Auch die Besucherinnen der Lampertheimer Begegnungsstätte haben Tipps

„Ein weiterer wichtiger Aspekt neben der Muskulatur ist der Vagusnerv, der den Kehlkopf durchzieht“, verdeutlicht Stephanie Rapp. Dieser Nerv sei einer der zwölf Hirnnerven und im Körper für Prozesse wie die Atmung verantwortlich. „Durch das bewusste Summen kann der Nervenstrang aktiviert werden. Der Körper kommt in eine Entspannung und somit auch automatisch in eine tiefere und ruhigere Atmung, die essenziell für die Gesundheit ist“, weiß Rapp.
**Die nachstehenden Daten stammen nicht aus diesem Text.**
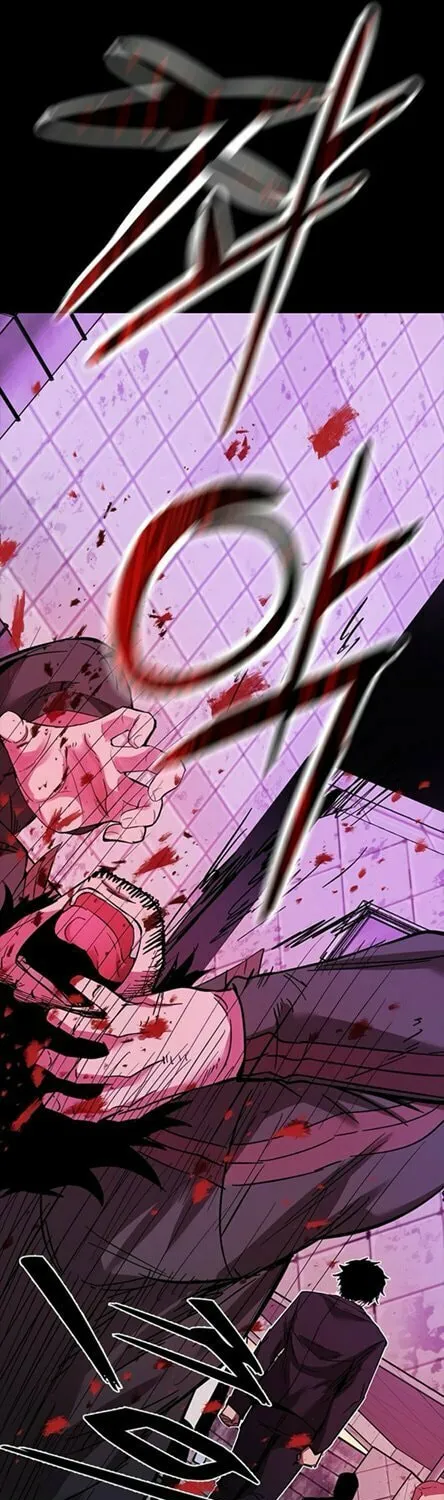 Read Killing Field chapter 2 image 122 on Lezhin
Ein nicht reguliertes Nervensystem könne sich also auch auf die Stimme auswirken. Zudem berichtet Rapp, dass jedes Organ und jeder Mensch seine eigene Frequenz habe, in der er schwingt. Wenn diese Frequenz aus dem Takt gerate, entstünden im Körper Störungen. Ein Beispiel für wohltuende Frequenzen seien Solfeggio-Frequenzen, die im elften Jahrhundert oftmals in Mönchsgesängen eingesetzt wurden, aber später wegen der ungeklärten Wirkung nicht mehr erlaubt waren. „Mitte 1970 wurden sie wiederentdeckt und werden bewusst für Entspannung und Wohlbefinden eingesetzt. Jede Stimme und jeder Mensch kann diese Frequenzen summen oder singen und seinem Körper somit etwas Gutes tun“, erklärt sie.